Siz Yahudi’yi anlatıyorsunuz, ama bu arada sizinle özdeşleşmiş olan ‘Kaya büyümesi’ heykelleri gözümün önünde yine kalıp değiştirip, insanlar arası bağlantı kuran bir Yahudi’ye dönüştü bile. Hiç şüphesiz, Arik Levy, Yahudi, bağlantı kurmak sözleri de kaya dendiğinde beynimde cızırdayan imgelerin arasındaki yerlerini aldılar.
Bunun hiç sonu yok. Ve başka bir kaya büyümesi de olabilir. Bu yenilenme.
FIKRA GİBİ BİR ANI
Yaklaşık iki yıl evvel Koreli dev bir oyuncak imalatçısı, yeni nesil oyuncaklarını yaratması için Arik Levy ile irtibata geçer. Uzun uçak yolculukları nedeniyle işi almaya çok istekli olmayan Levy, muhatabına sorar:
- Neden ben? Dünya çapında tanımış bir sürü Koreli tasarımcı var. Ben size ne yapabilirim ki?
- Bak, der Koreli, belki nedenini söylersem, kabul edebilirsin.
- Dinliyorum.
- Biz çocuklar için üretim yapan çok büyük bir oyuncak firmasıyız. Şimdiye kadar gördüklerinizden daha büyük. Ne yapacağımızı bilmiyorduk. Yeni nesil oyuncaklar üretmek istiyoruz. Durum böyle olunca, Budist rahiplere gittik.
Arik, anlattığı olaya ara verip ekliyor: “Herhangi bir firmanın, mesela Nestle’nin rahiplere gittiğini, “Yeni kahvemizi kime yarattıralım” diye sorduklarını düşün! Ancak Budizm öyle bir güçlü, öyle açık bir zihin hali ve dolayısıyla öyle heyecan verici ki, gidip onlara “ne yapalım?” diye sordular.
Rahiplere gittiler:
- Biz bilmiyoruz. Kime yaptırmalıyız yeni oyuncakları?
- İsrailli Yahudi bir tasarımcı arayın; çünkü Yahudi çocuk yetiştirme şeklinde aile birlikteliğine ve çocuklara verilen ilgi o kadar güçlü ki, bu güç yazılmamış ve bilinmeyen özel parametreler içeriyor.

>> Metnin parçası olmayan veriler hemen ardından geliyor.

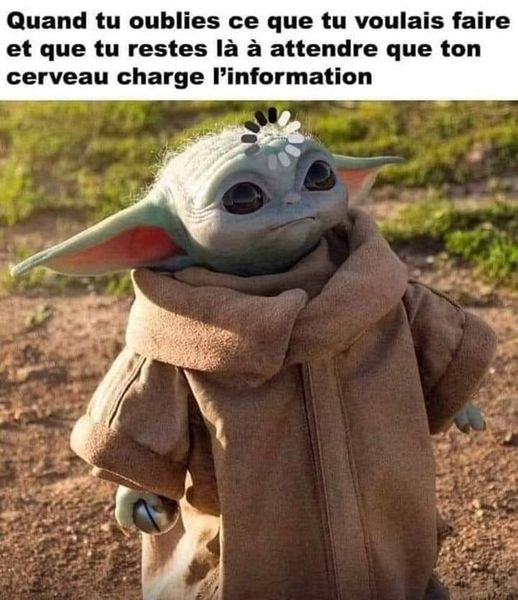 cerveau.jpg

Bu da oyuncakların daha iyi olmasını sağlayabilir” Geri döndüklerinde tasarımcı listelerini incelediler:
-Alo, Arik?
-Evet.
-İsrailli?
-Evet.
-Yahudi?
-Evet.
-Tasarımcı?
-Evet.
-Benim adamım sizsiniz.
“Hayır diyemedim. Gerçekten çok heyecan verici bir andı.”